1. Hypoglycemia Risk and Considerations

  • The effect of insulin icodec is highest at Days 2-4 of the weekly dosing cycle, increasing the risk of hypoglycemia on these days. See Awiqli Monograph
  • There are still concerns about increased hypoglycemia risk for people with type 1 diabetes. For that reason, the FDA has not approved insulin icodec for use in people with type 1 diabetes at this time.
  • For those with type 2 diabetes, the risk of hypoglycemia is comparable to those on daily bolus injections.
  • Diabetes healthcare professionals are encouraged to review the signs of hypoglycemia and importance of quickly consuming carbs to raise glucose levels.
  • Making sure individuals on icodec have a meter or CGM to monitor glucose response is imperative for safety, especially when making dose adjustments.
  • If someone becomes acutely ill and is not eating or needs to fast for a procedure, there is less flexibility to immediately adjust the dose because of the ultra long insulin half-life.
  • Health care teams will need to have protocols for how to treat patients admitted to hospital on weekly insulin to ensure they are not giving additional basal insulin when the weekly insulin is still in their system. 

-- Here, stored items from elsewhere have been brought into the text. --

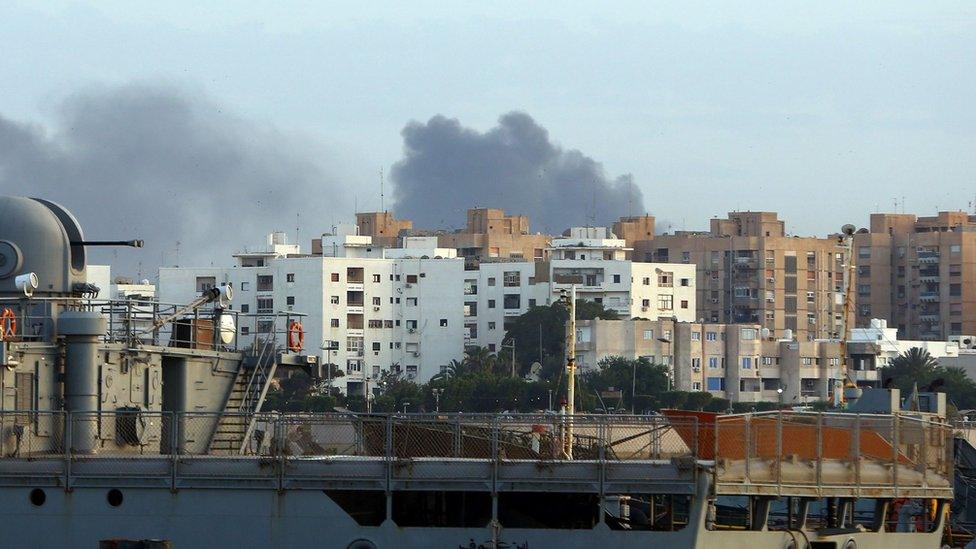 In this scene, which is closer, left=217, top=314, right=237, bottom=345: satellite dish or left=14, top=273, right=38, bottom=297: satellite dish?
left=14, top=273, right=38, bottom=297: satellite dish

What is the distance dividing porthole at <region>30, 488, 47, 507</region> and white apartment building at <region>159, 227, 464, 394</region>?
12984 cm

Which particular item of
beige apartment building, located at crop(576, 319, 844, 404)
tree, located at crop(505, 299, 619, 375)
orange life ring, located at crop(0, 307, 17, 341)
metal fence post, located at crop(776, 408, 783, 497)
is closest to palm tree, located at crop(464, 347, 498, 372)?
tree, located at crop(505, 299, 619, 375)

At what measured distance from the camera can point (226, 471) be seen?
113 ft

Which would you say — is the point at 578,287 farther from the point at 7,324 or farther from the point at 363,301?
the point at 7,324

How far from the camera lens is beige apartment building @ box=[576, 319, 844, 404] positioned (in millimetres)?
158625

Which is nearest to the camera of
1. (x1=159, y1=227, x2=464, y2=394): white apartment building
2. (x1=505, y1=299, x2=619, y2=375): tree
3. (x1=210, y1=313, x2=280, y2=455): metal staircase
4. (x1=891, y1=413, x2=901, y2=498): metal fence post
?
(x1=891, y1=413, x2=901, y2=498): metal fence post

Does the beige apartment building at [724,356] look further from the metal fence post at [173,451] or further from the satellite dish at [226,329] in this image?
the metal fence post at [173,451]

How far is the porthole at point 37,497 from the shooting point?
34500 mm

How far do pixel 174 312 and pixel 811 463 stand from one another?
40.4 feet

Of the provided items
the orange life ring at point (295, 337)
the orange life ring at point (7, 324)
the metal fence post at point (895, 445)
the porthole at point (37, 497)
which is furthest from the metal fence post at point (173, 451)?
the metal fence post at point (895, 445)

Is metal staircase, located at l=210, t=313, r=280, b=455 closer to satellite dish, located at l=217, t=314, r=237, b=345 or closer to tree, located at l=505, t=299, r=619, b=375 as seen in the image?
satellite dish, located at l=217, t=314, r=237, b=345

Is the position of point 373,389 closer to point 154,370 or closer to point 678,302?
point 678,302

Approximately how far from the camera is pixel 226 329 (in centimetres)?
3944

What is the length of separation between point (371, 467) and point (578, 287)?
14044 centimetres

2. Dosing & Titration Complexity – See Package Insert for Dosing Info

  • When initiating insulin icodec, dosing is typically based on the person’s current total daily basal insulin dose, with the goal of maintaining equivalent weekly insulin exposure.
  • A practical approach is to multiply the existing daily basal dose by 7 to estimate the initial once-weekly dose, followed by careful titration based on fasting glucose trends.

    See Package Insert for Dosing Info

  • For individuals who are insulin-naïve, a standard starting dose (e.g., 70 units once weekly in clinical trials) may be used, with adjustments made weekly or every few weeks depending on glycemic response.
  • Because of icodec’s long half-life and delayed steady state, dose changes take longer to fully manifest, so clinicians should avoid making rapid or frequent adjustments.
  • As always, individualization is key—consider factors such as hypoglycemia risk, renal function, and patient ability to monitor glucose when determining and adjusting the dose.

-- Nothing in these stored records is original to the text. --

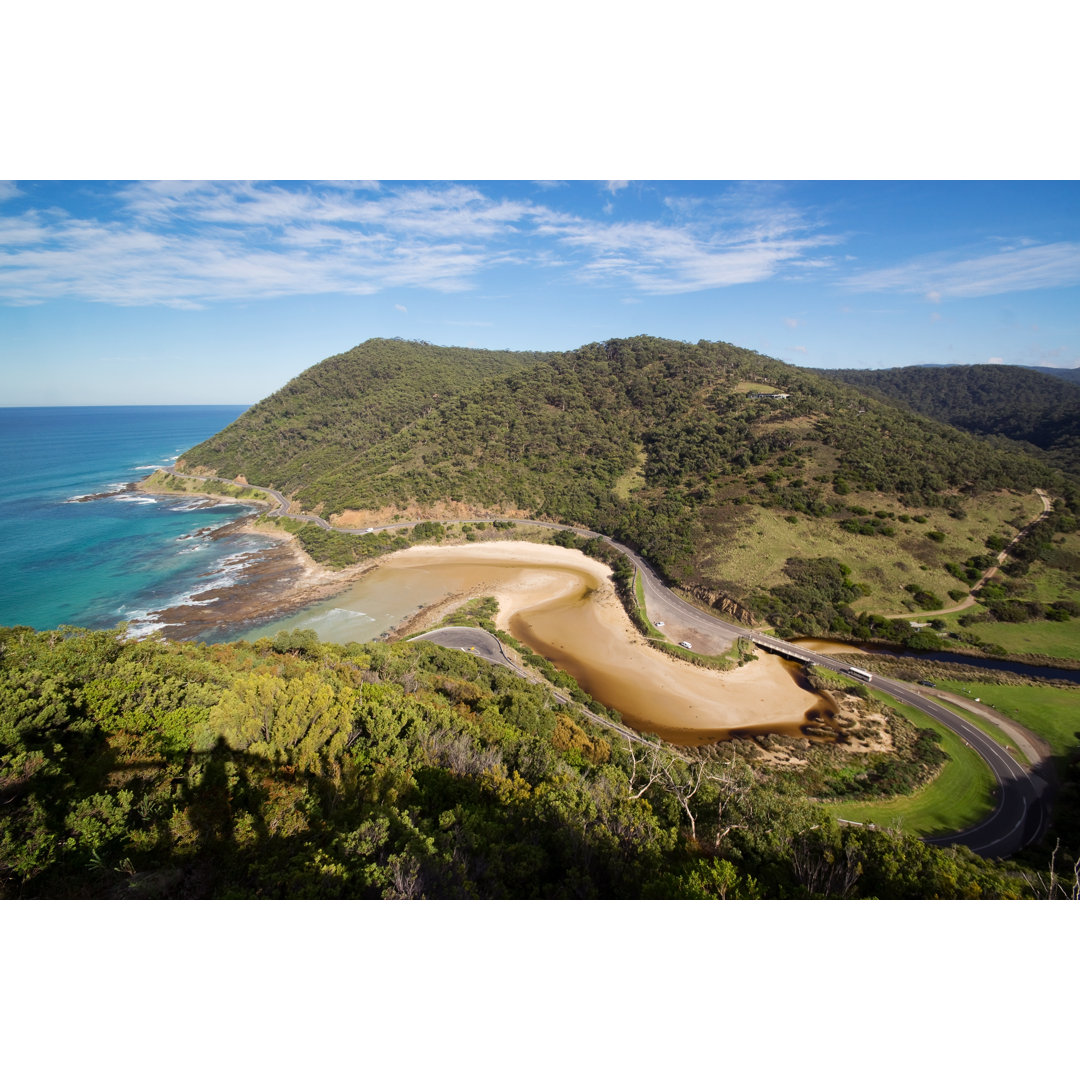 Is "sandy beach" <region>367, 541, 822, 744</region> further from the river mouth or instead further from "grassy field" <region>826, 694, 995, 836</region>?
"grassy field" <region>826, 694, 995, 836</region>

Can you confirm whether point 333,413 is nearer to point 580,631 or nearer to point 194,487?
point 194,487

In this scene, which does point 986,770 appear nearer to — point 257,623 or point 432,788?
point 432,788

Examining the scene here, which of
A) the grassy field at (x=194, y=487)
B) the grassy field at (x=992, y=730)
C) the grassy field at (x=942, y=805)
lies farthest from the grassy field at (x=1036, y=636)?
the grassy field at (x=194, y=487)

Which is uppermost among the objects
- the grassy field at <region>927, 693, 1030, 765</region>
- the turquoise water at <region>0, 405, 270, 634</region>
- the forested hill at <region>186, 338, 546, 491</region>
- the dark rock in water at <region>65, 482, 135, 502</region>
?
the forested hill at <region>186, 338, 546, 491</region>

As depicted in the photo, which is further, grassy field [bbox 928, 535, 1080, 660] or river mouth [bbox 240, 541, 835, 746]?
grassy field [bbox 928, 535, 1080, 660]

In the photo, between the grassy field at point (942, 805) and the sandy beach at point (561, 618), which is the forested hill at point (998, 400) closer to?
the grassy field at point (942, 805)

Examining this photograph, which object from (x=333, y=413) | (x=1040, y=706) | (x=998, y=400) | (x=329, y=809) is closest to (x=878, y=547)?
(x=1040, y=706)

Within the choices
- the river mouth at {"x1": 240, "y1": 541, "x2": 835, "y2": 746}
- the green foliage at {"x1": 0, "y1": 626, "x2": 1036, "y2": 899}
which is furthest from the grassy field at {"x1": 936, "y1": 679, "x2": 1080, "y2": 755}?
the green foliage at {"x1": 0, "y1": 626, "x2": 1036, "y2": 899} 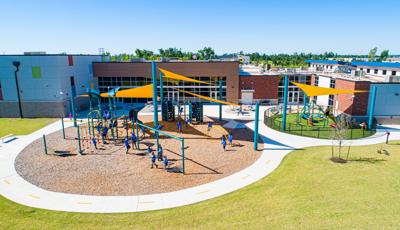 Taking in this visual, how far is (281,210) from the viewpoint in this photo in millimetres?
11359

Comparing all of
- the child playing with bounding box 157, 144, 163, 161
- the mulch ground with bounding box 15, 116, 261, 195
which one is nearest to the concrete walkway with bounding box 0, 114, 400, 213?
the mulch ground with bounding box 15, 116, 261, 195

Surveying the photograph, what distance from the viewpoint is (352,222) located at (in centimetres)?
1034

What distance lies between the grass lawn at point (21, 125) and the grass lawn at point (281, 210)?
14.2 metres

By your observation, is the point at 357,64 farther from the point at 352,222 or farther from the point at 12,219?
the point at 12,219

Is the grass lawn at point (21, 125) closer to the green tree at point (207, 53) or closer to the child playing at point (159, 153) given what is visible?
the child playing at point (159, 153)

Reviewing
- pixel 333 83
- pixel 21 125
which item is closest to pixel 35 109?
pixel 21 125

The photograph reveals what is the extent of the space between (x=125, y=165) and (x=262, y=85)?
25.7m

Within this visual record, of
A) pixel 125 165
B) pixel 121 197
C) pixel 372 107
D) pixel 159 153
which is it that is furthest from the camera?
pixel 372 107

3. Dose Adjustment in Altered Kidney Function   – See Package Insert for Dosing Info

The following recommendations based on kidney function are suggested.

  • eGFR of 50 or greater – no dosage adjustment needed.
  • eGFR of 10-50 – administer 75% of the usual starting dose.
  • eGFR less than 10 – administer 50% of usual dose.

4. Missed Doses   – See Package Insert for Dosing Info

The following recommendations for missed doses are suggested:

  • If 3 or fewer days until next regularly scheduled dose: Administer missed dose as soon as possible. Reset weekly dosing schedule to start one week later.
  • If 4 or more days until next regularly scheduled dose: Administer missed dose as soon as possible. Continue current weekly dosing schedule.

5. Insulin Storage and Dispensing Information - See Cheat Sheet for more Info

Icodec  insulin is available in 3 different pen sizes and has a 12 week shelf life at room temperature. Pens can be dialed in 10 unit increments with a maximum dose of 700 units.
Download our FREE Insulin Storage and Dispensing Info Cheat Sheet below as a helpful reference. 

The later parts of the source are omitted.